Pics from A Glimpse Inside the Mind of Charles Swan III, trailers for Killing Them Softly and Snitch and posters for Cirque du Soleil: Worlds Away 3D.
A Glimpse Inside the Mind of Charles Swan III
A Glimpse Inside the Mind of Charles Swan III has a couple new photos today, and they make me think this film is going to be a lot like a Wes Anderson flick. Mainly due to the quirkiness and the cast, but still. The one thing this film really has going for it is that Charlie Sheen has tiger blood. You can hardly ever cast someone with tiger blood.
Killing Them Softly
Killing Them Softly has a new trailer today that’s very cool and makes me want to see it, but it ends with the line, “America’s not a country; it’s a business.”
Am I living in a business? Can you be a legal resident of a business? What does that make Canada? A charity (the charity of losers helping losers be losers, no doubt)?
I disagree with Brad Pitt. America is a country. I’m reasonably sure of it.
Snitch has a trailer, and I don’t really remember writing a preview of this film…

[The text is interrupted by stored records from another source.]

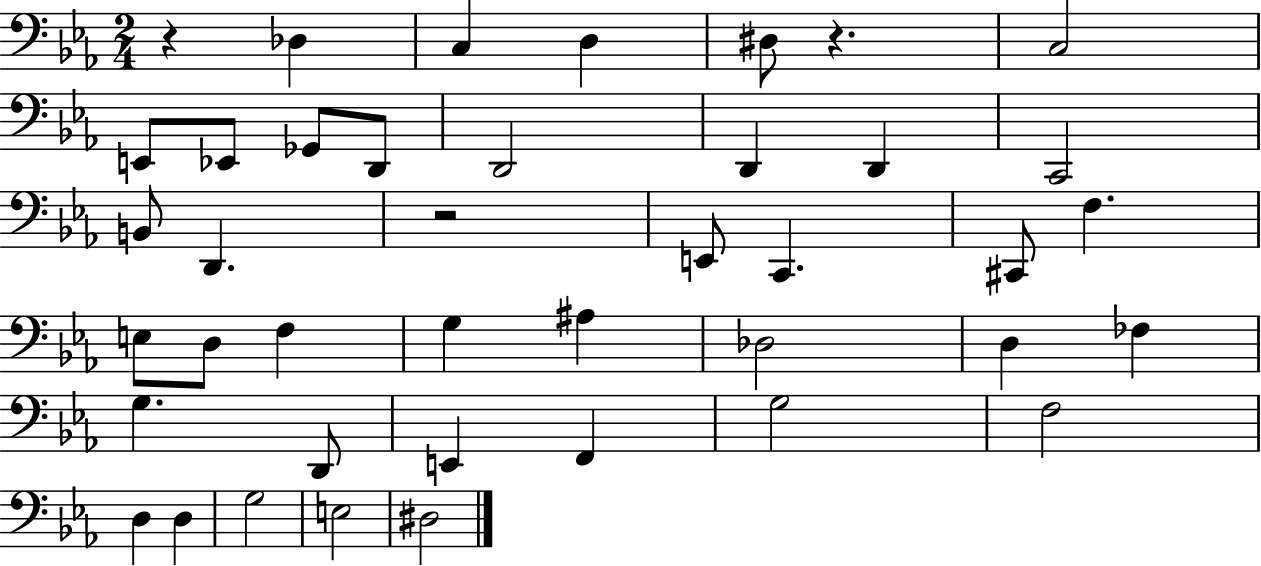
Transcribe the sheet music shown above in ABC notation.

X:1
T:Untitled
M:2/4
L:1/4
K:Eb
z _D, C, D, ^D,/2 z C,2 E,,/2 _E,,/2 _G,,/2 D,,/2 D,,2 D,, D,, C,,2 B,,/2 D,, z2 E,,/2 C,, ^C,,/2 F, E,/2 D,/2 F, G, ^A, _D,2 D, _F, G, D,,/2 E,, F,, G,2 F,2 D, D, G,2 E,2 ^D,2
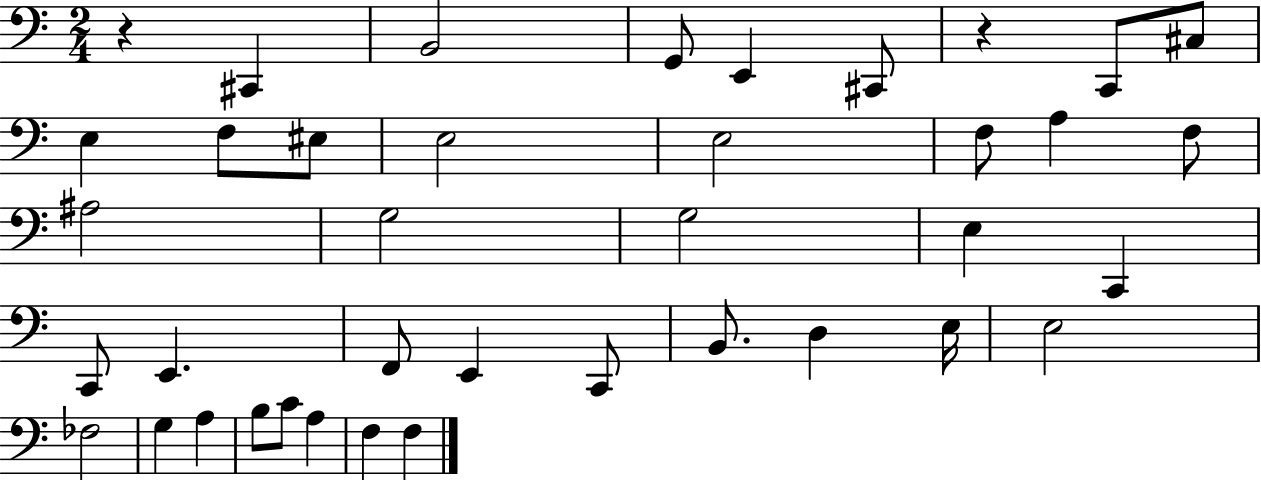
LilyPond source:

{
  \clef bass
  \numericTimeSignature
  \time 2/4
  \key c \major
  r4 cis,4 | b,2 | g,8 e,4 cis,8 | r4 c,8 cis8 | \break e4 f8 eis8 | e2 | e2 | f8 a4 f8 | \break ais2 | g2 | g2 | e4 c,4 | \break c,8 e,4. | f,8 e,4 c,8 | b,8. d4 e16 | e2 | \break fes2 | g4 a4 | b8 c'8 a4 | f4 f4 | \break \bar "|."
}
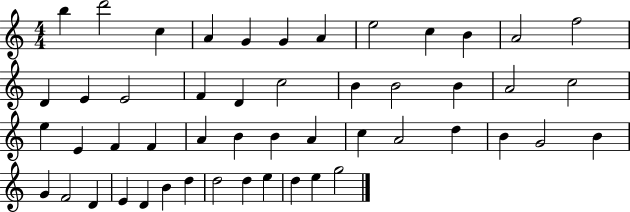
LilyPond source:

{
  \clef treble
  \numericTimeSignature
  \time 4/4
  \key c \major
  b''4 d'''2 c''4 | a'4 g'4 g'4 a'4 | e''2 c''4 b'4 | a'2 f''2 | \break d'4 e'4 e'2 | f'4 d'4 c''2 | b'4 b'2 b'4 | a'2 c''2 | \break e''4 e'4 f'4 f'4 | a'4 b'4 b'4 a'4 | c''4 a'2 d''4 | b'4 g'2 b'4 | \break g'4 f'2 d'4 | e'4 d'4 b'4 d''4 | d''2 d''4 e''4 | d''4 e''4 g''2 | \break \bar "|."
}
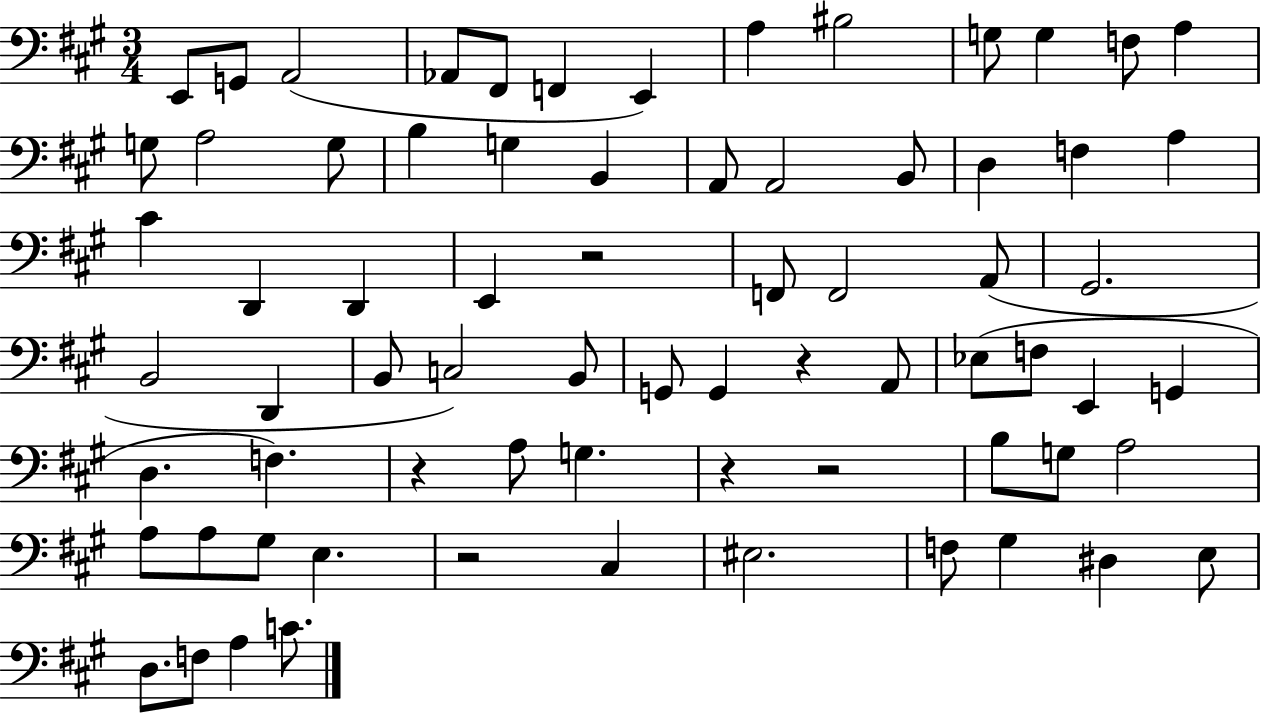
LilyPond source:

{
  \clef bass
  \numericTimeSignature
  \time 3/4
  \key a \major
  e,8 g,8 a,2( | aes,8 fis,8 f,4 e,4) | a4 bis2 | g8 g4 f8 a4 | \break g8 a2 g8 | b4 g4 b,4 | a,8 a,2 b,8 | d4 f4 a4 | \break cis'4 d,4 d,4 | e,4 r2 | f,8 f,2 a,8( | gis,2. | \break b,2 d,4 | b,8 c2) b,8 | g,8 g,4 r4 a,8 | ees8( f8 e,4 g,4 | \break d4. f4.) | r4 a8 g4. | r4 r2 | b8 g8 a2 | \break a8 a8 gis8 e4. | r2 cis4 | eis2. | f8 gis4 dis4 e8 | \break d8. f8 a4 c'8. | \bar "|."
}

Oh, I didn’t yet. Phew. I thought I’d forgotten. The film looks pretty cool, with The Rock becoming an informant for the FBI to save his son from a prison sentence. I don’t think it works this way, but basically in normal situations they let guys who are facing hard time flip, thus reducing their sentences. The Rock’s kid either can’t or won’t do that, so the Rock does it for him, going undercover to take down a cartel. It’s kinda cool. The action looks good, and the Rock, as per his usual, looks like a friggin badass. KINDA LIKE ME.
Cirque Du Soleil: World’s Away 3D
Cirque Du Soleil: World’s Away 3D has a couple new posters today, and they’re all pretty cool, though the one with the four ladies all contorted doesn’t seem possible. Seriously, this shit is AWESOME. I can barely bend over to tie my shoes. Actually, I don’t bend over to do it anymore. I hired a Canadian to do it for me. Did you know that for just seven cents a day you can hire a Canadian to do your bidding? Apparently, their country is such a turd that for just the chance to stand on American soil they’ll essentially become indentured servants to large, hairy men who don’t like to tie their own shoes.